● What this task involves
Copy the material below verbatim from the line with "Camiseta Women T" to the line with "Girls Large 10/12", both lines included, omitting pictures and every line outside that range.

● Working data
★ ★ ★
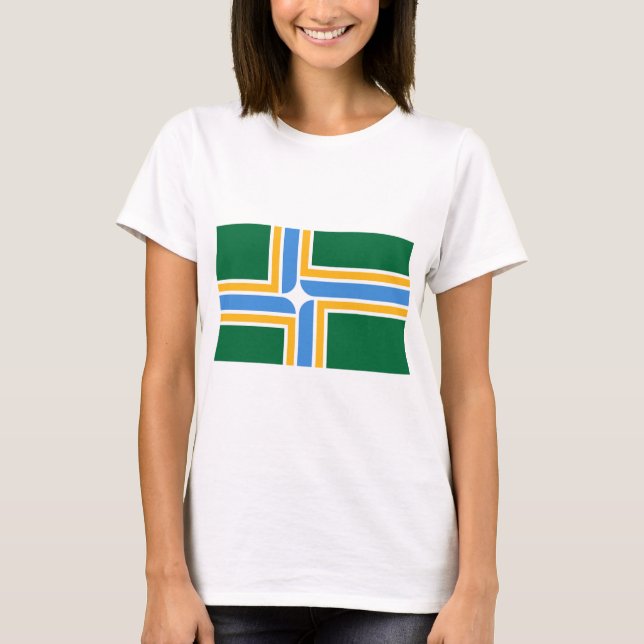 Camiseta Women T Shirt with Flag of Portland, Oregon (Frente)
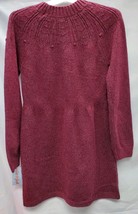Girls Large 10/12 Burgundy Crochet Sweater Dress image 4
★ ★ ★
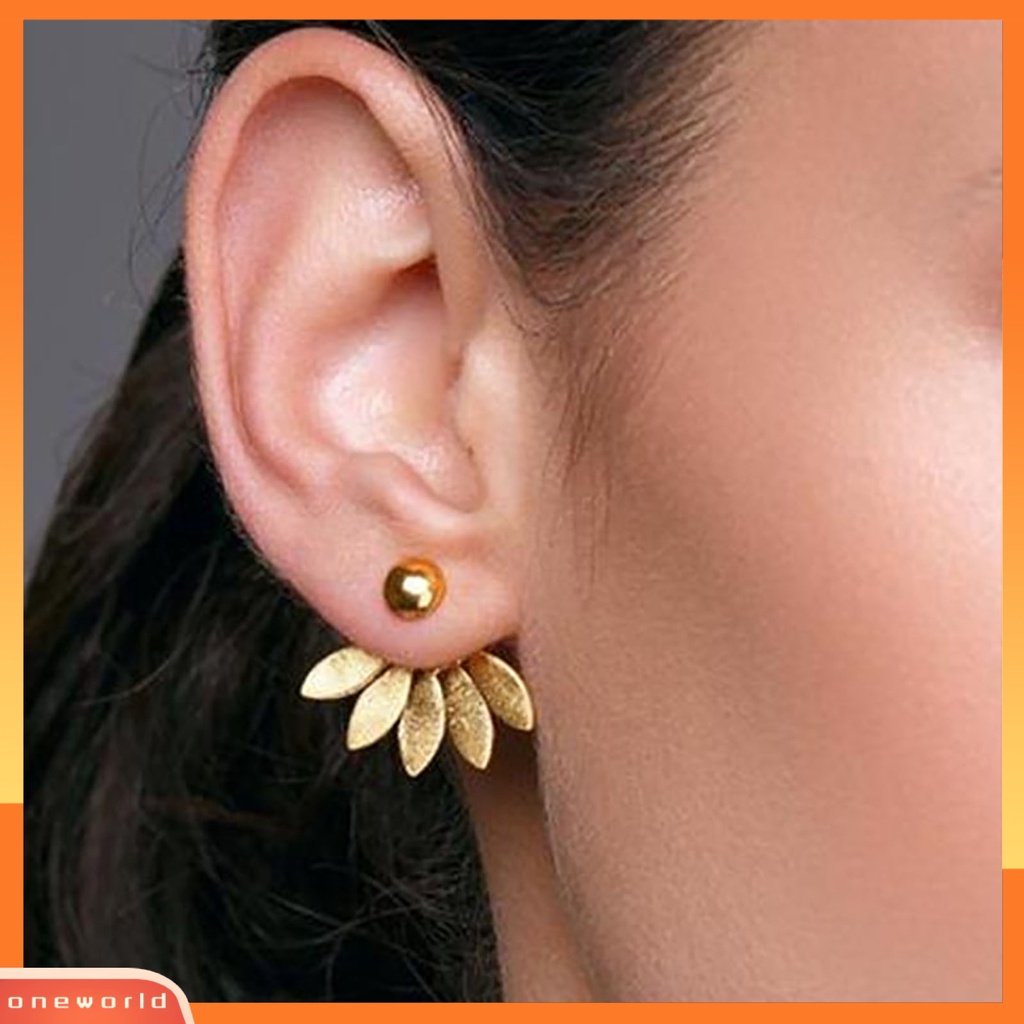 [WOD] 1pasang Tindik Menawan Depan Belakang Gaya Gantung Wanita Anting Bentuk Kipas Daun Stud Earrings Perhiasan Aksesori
★ ★ ★
● Answer to this task
 Camiseta Women T Shirt with Flag of Portland, Oregon (Frente)
Girls Large 10/12 Burgundy Crochet Sweater Dress image 4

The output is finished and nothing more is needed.